Frankrijk koopt bloedzuigers

Sinds mensenheugenis werd bij mensen bloed afgetapt met bloedzuigers, als een aanvulling op het openleggen van aderen.

Ze werden rechtstreeks op de zwakke plek geplaatst.

Zo wemelden er bij de Franse sergeant meer dan 40 bloedzuigers in het bloed bij de ontstoken wond.

© Shutterstock

Kapperspaal is het teken van een bloedig verleden

Hoewel het symbool voor de kapper, een paal met rode strepen, in veel westerse landen voorkomt, kennen weinigen de macabere betekenis ervan.

De rode streep symboliseert het bloed dat uit de sneden stroomt die de barbier had gemaakt.

Naast knippen en scheren verleende de barbier nog een andere belangrijke dienst.

Hij voerde ook chirurgische ingrepen uit, zoals aderlatingen.

De arts gaf meestal alleen maar de opdracht tot het aderlaten, en liet de echte verrichting van de ingreep aan de barbier over.

Het inzetten van bloedzuigers – die elk 10 milliliter bloed, ongeveer vijf keer hun eigen lichaamsgewicht, kunnen opnemen – was een heel gangbaar gebruik.

In de 19e eeuw had de toepassing van bloedzuigers een hoge vlucht genomen onder Europese artsen.

Frankrijk alleen al importeerde er in 1830 zo’n 40 miljoen. Dat kwam vooral door de Parijse arts François Brossais.

Hij meende dat iedere ziekte die met koorts gepaard ging te wijten aan een ontstoken orgaan. De beste remedie: een combinatie van bloedzuigers en aderlatingen.

De bloedzuigers zorgden er mede voor dat de sergeant tijdens zijn zes maanden durende opname in totaal zes liter bloed verloor.

Dit was volgens de maatstaven van die tijd geen uitzonderlijke hoeveelheid. Opvallend aan de hele zaak was echter dat de sergeant het wist te overleven.

De Romeinse keizer Galerius leed aan koudvuur, waardoor hij verschrikkelijk stonk.

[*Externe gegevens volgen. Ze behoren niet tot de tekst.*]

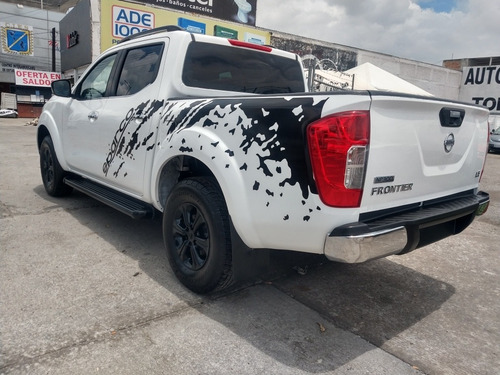 Imagen 7 de 15 de Nissan Np300 Frontier 2017 2.5 Le Aa Mt
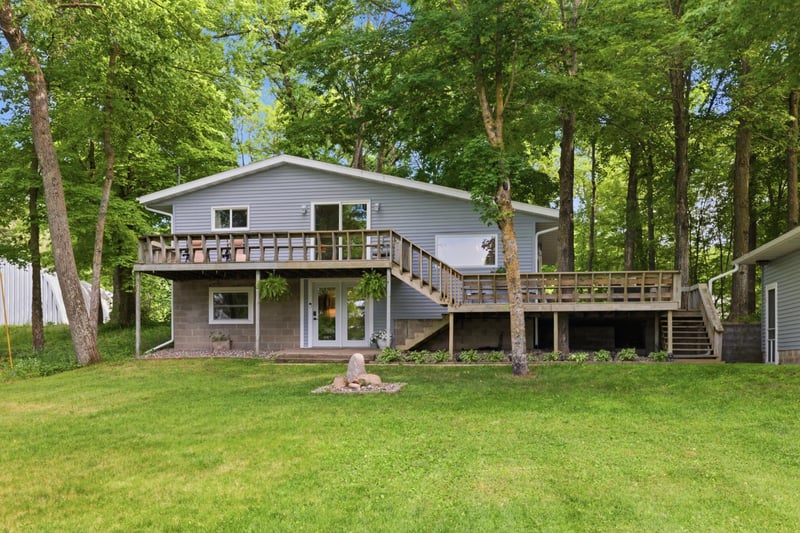 8568 Paradise Beach Rd, Brainerd, MN 56401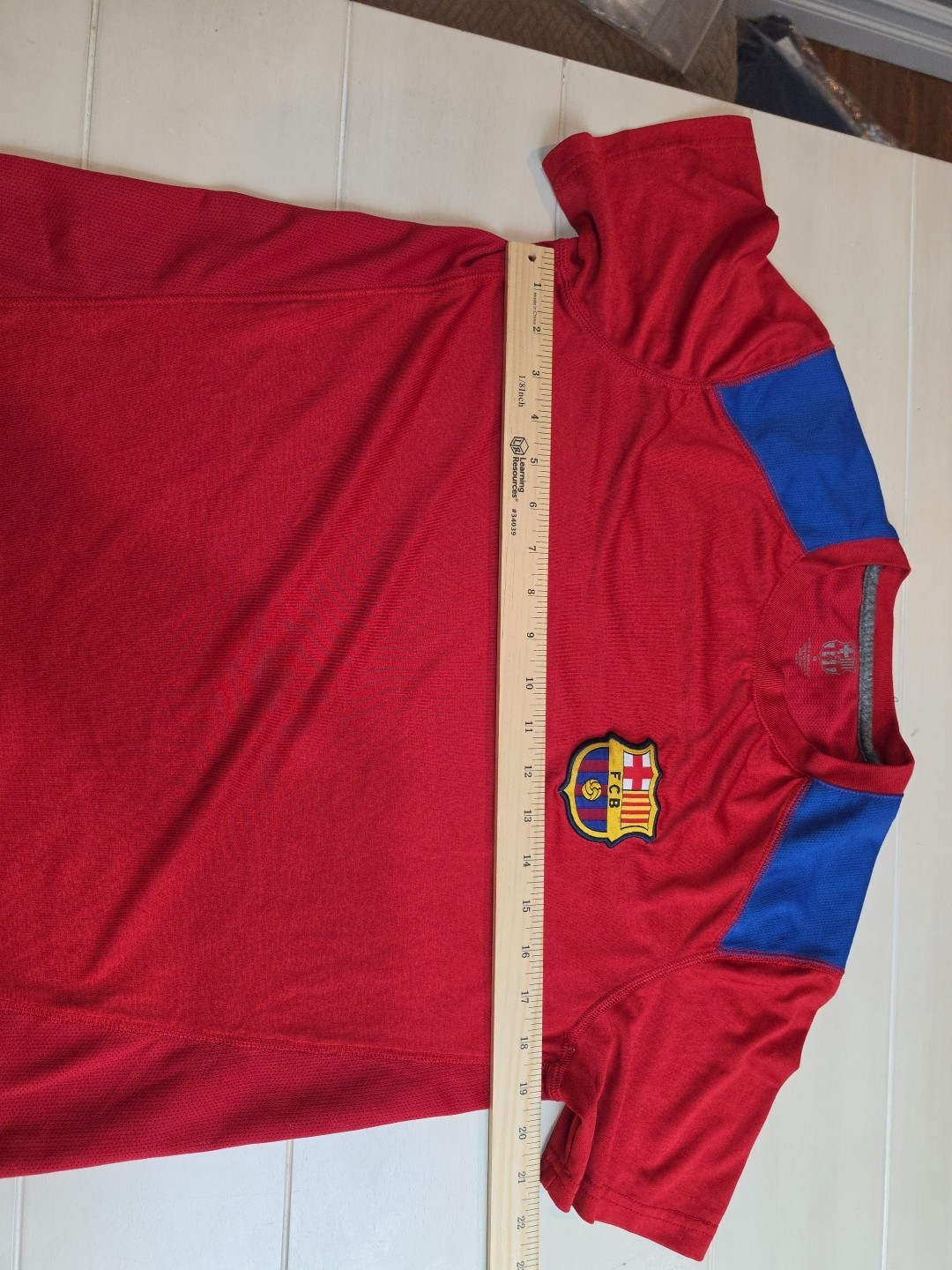 FC Barcelona Short Sleeve Performance Shirt With Logo Mens Medium view 4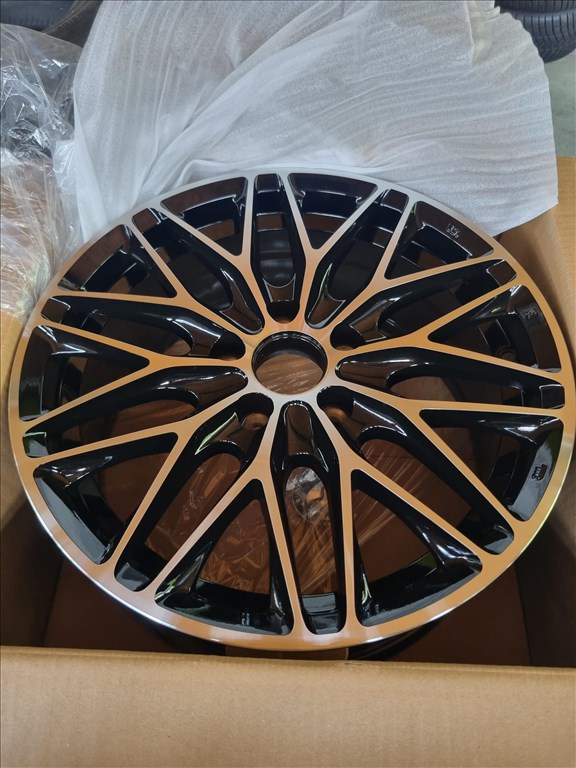  5x108 lyukosztású 7JJ 16" új Silverline alufelni 1. kép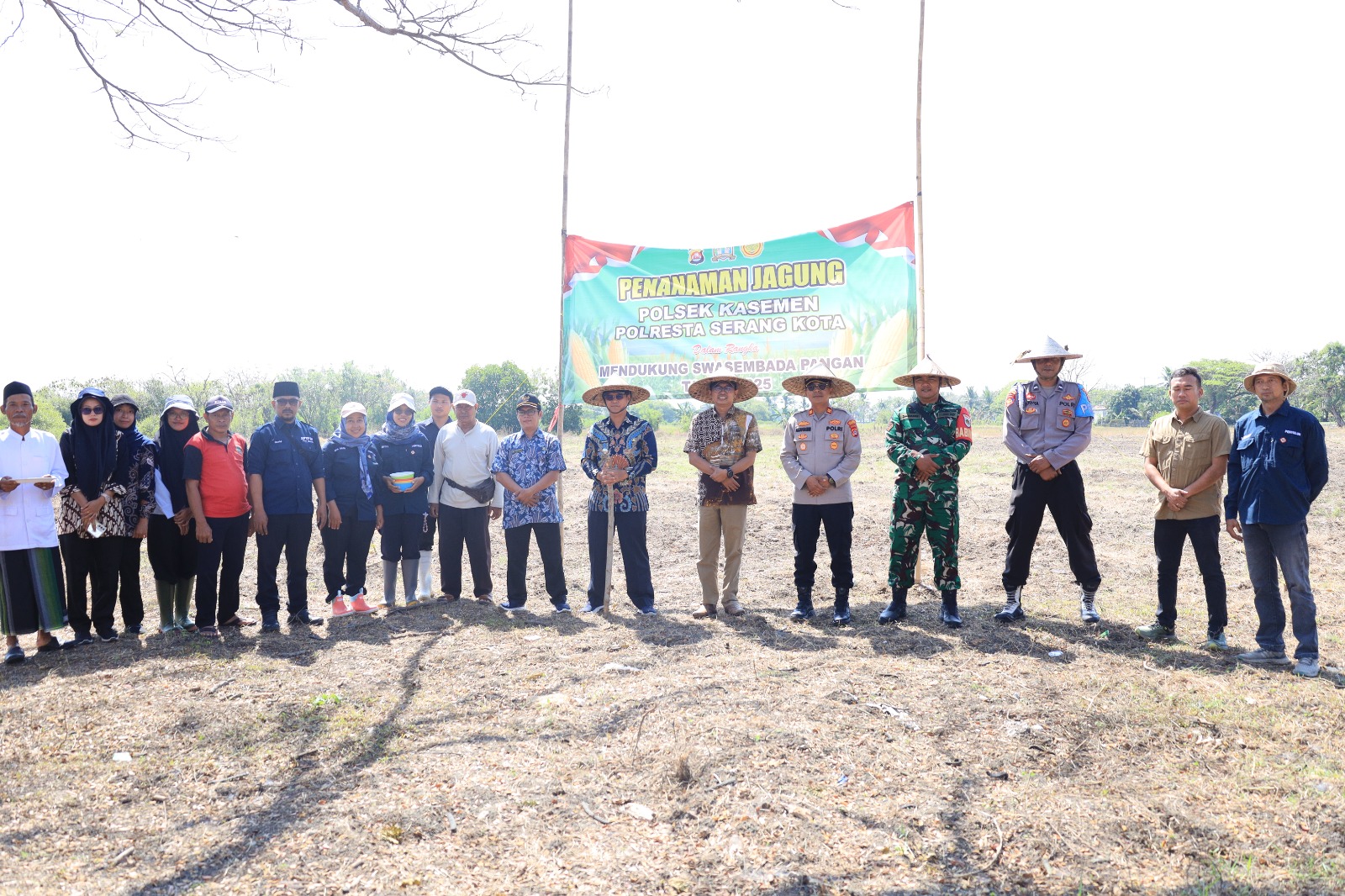 Camat Kasemen Menghadiri Acara Penanaman Jagung Bersama Kapolsek Kasemen Dan DKP3 Kota Serang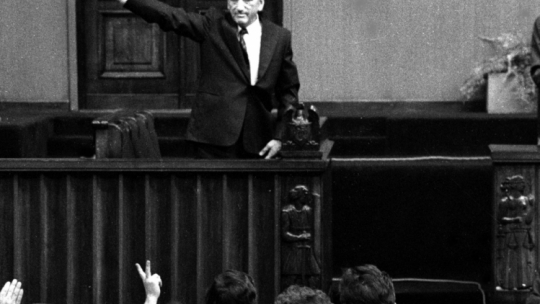 Warszawa 12.09.1989. Sejm X kadencji udzielił wotum zaufania rządowi Tadeusza Mazowieckiego, pierwszego niekomunistycznego premiera w powojennej historii Polski, powstał nowy rząd. Nz. premier w geście zwycięstwa. Fot. PAP/G. Rogiński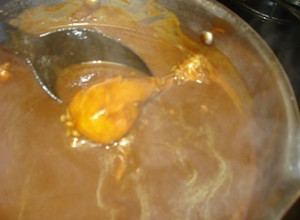Una foto de Pollo en mole de bote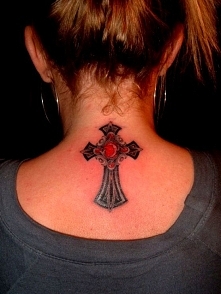 krzyże tatuaże na plecy damski
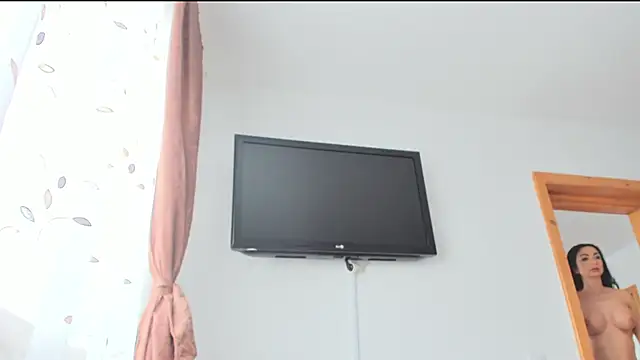 Snapshot of wildalissa chatting on 01.23.25 wildalissa online show from 01.23.25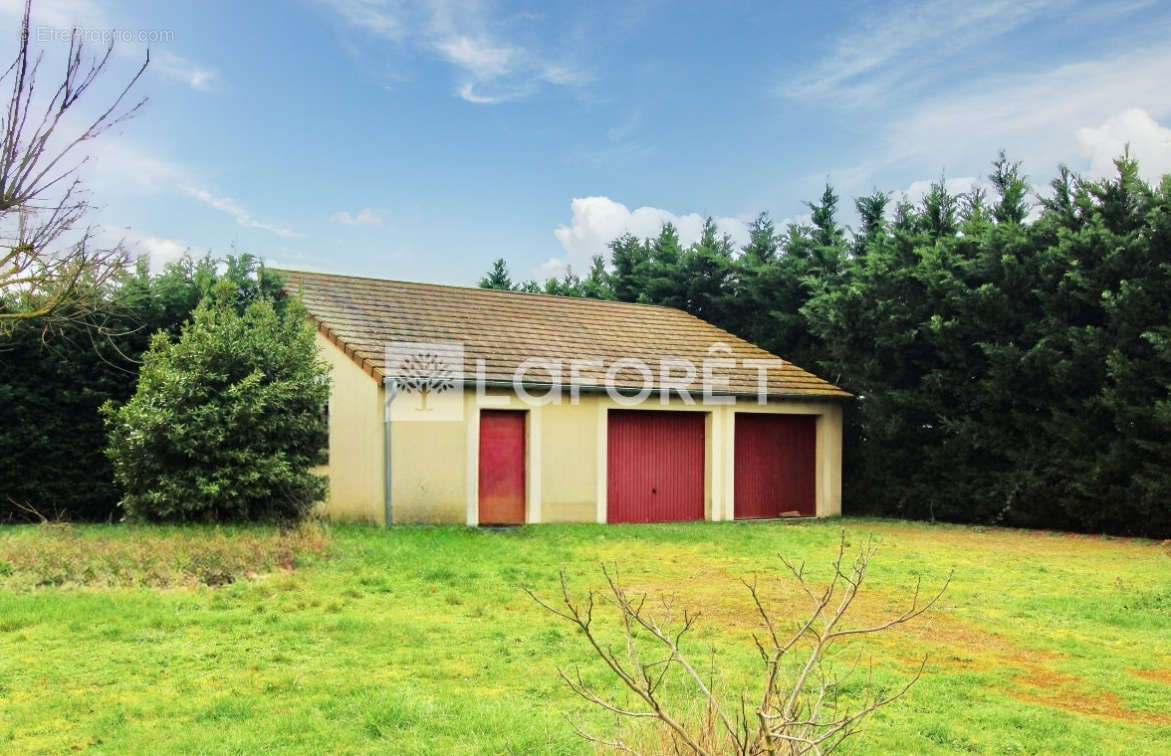 Maison à ESCRENNES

Op een illustratie in het middeleeuwse werk ‘Decamerone’ van Boccaccio zie je dat er bij Galerius aderlating wordt toegepast met bloedzuigers.

© SPL

Eind 19e eeuw boetten bloedzuigers en aderlaten flink aan popu­lariteit in.

Grote medische doorbraken als de ontdekking van bacteriën leidden tot betere inzichten.

En hoewel sommige artsen begin 20e eeuw zelfs nog stug volhielden dat aderlaten goed was, kwam er zo een eind aan 2500 jaar van bloedige medische fouten.

In een bloedmonster vindt een arts de kleinste stoffen in het bloed.

© science photo library

Huidige status: Bloed zegt veel over het lichaam

Vroeger tapten artsen veel bloed af bij patiënten.

Nu nemen ze een beetje bloed af om de inhoud te onderzoeken. Eén staal bevat miljoenen eiwitten, vetten en celresten vanuit het hele lichaam.

Die stoffen fungeren als sporen in de bloedbaan.

Zo brengen zogeheten biomarkers verschillende vormen van kanker aan het licht en leiden ze artsen naar de juiste behandeling.